**Goal of the exercise:** A word-for-word copy of the data, pictures excluded, is what this task asks for.

**Input data:**
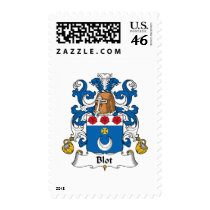 Blot Family Crest postage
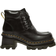 Dr. Martens Corran 3-Eye Atlas Leather Heeled Boots - Black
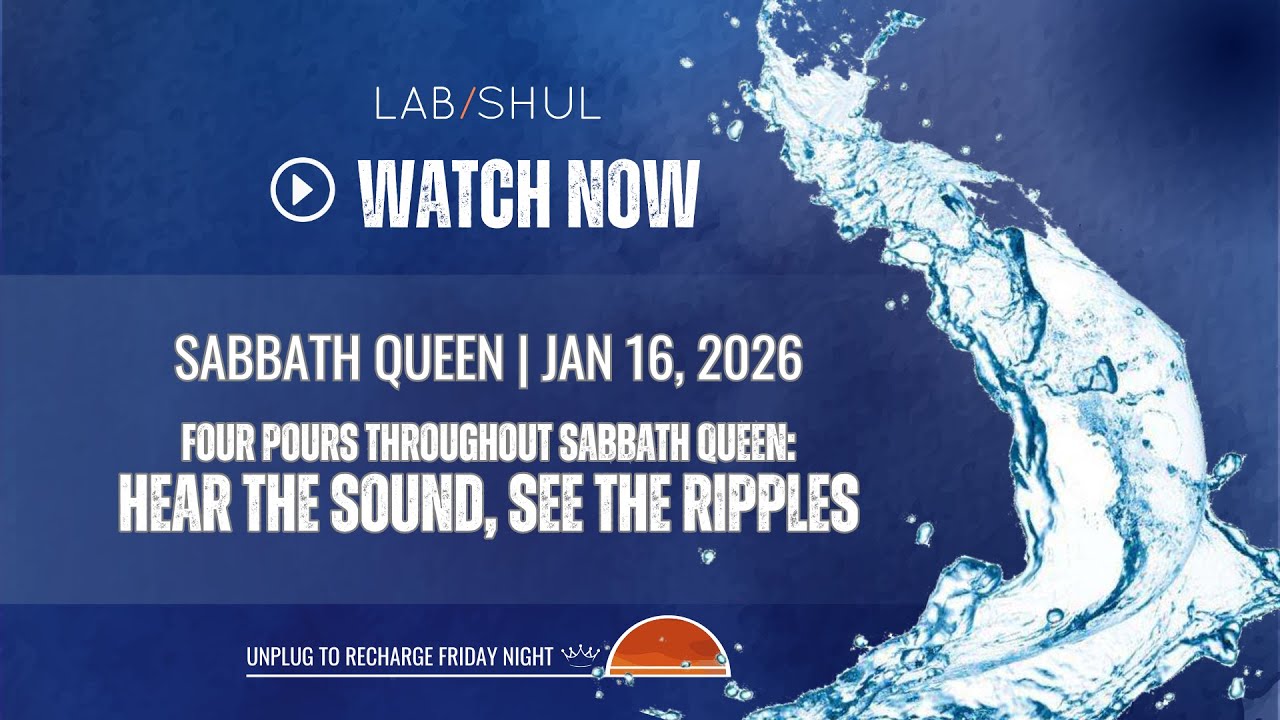 Four Pours throughout Sabbath Queen:  hear the sound, see the ripples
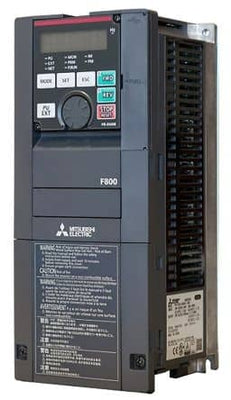 FR-F840-00023-2-60 Mitsubishi F800 Inverter Drive 0.75 kW with EMC Filter Repair Service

**Solution to the exercise:**
 Blot Family Crest postage
 Dr. Martens Corran 3-Eye Atlas Leather Heeled Boots - Black
 Four Pours throughout Sabbath Queen:  hear the sound, see the ripples
 FR-F840-00023-2-60 Mitsubishi F800 Inverter Drive 0.75 kW with EMC Filter Repair Service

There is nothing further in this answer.